At about 10.30 p.m. the 4th German Scouting Group came in contact with the British 2nd Light Cruiser Squadron which was following our battlefleet. There was a violent explosion of firing
…
Once more the words are obscured by the remembered image in the driving-mirror. She took no notice when he pointed out that sitting up wasn’t good for her. She began about a living soul destroyed, then something to do with a slop bucket. He had to turn off at the Rywell Services, thinking it would be easier to reason with her if the car was stationary. By the time he’d parked and managed to get a look at her, the tears were flowing like a fountain, hysterical you’d have to call it.
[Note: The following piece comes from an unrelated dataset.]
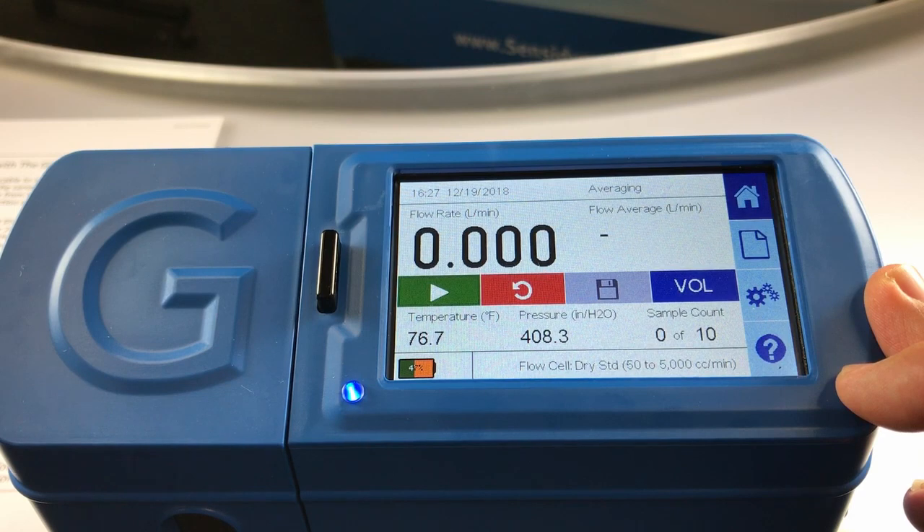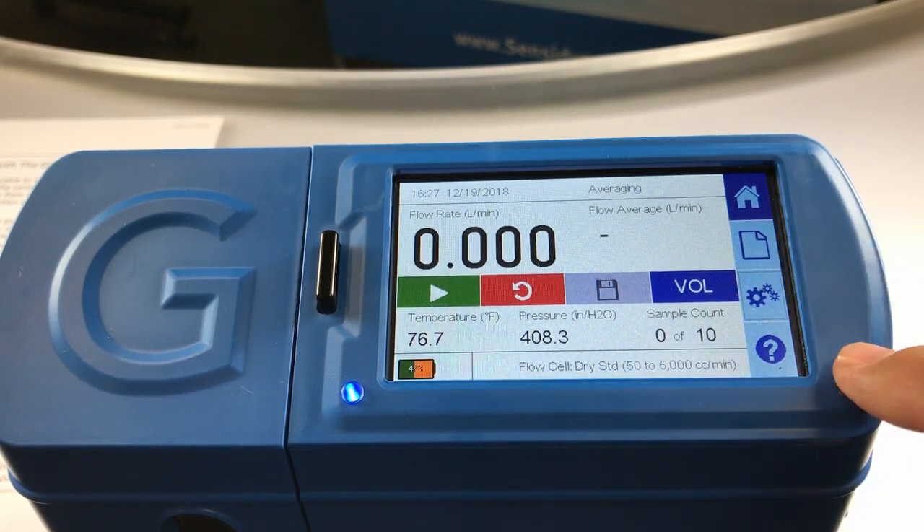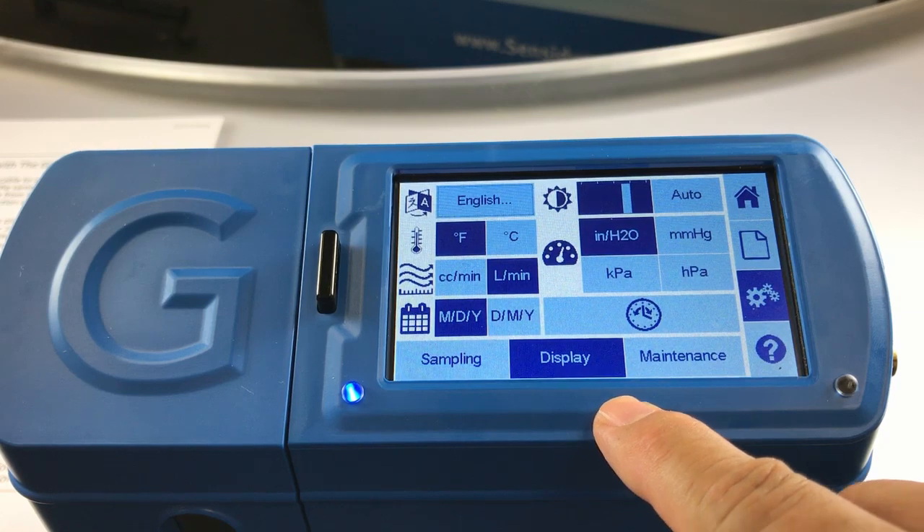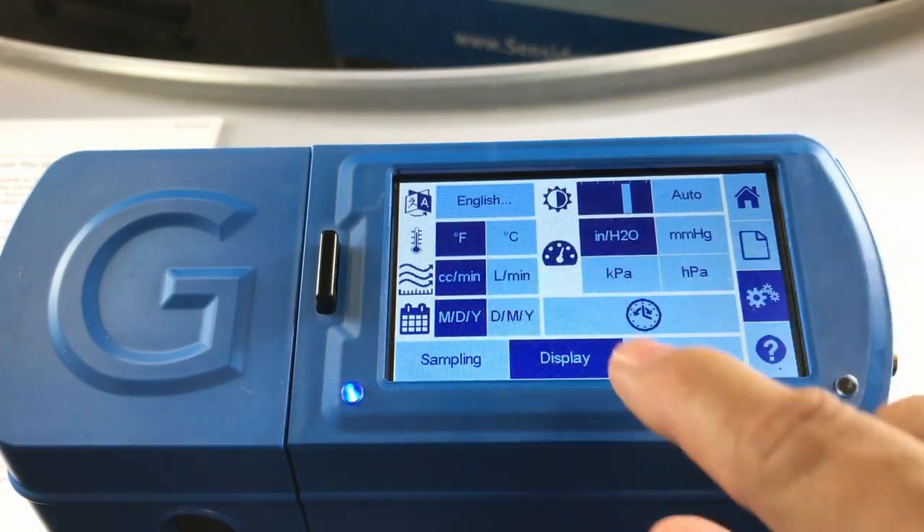In order to use the SmartCal feature, the flow units need to be set to cc's per minute on the Gillibrator 3. We'll do that by entering into the settings feature and clicking on the display tab. We'll change it from liters per minute to cc's per minute.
He got out and left her for a while, considering it better to let her get it out of her system on her own, but as soon as he returned to the car with some nourishment she started up again immediately.
Mr Hilditch reaches out and closes the volume, then pushes it aside. There’s a pattern of faded orange flowers on her pale-blue nightdress, the material so flimsy you could hardly call it decent, her flesh showing through in places, white as her face. She shook her head over the sausages and bread he brought her an hour ago. But at least she is quieter now, sleep being a healer.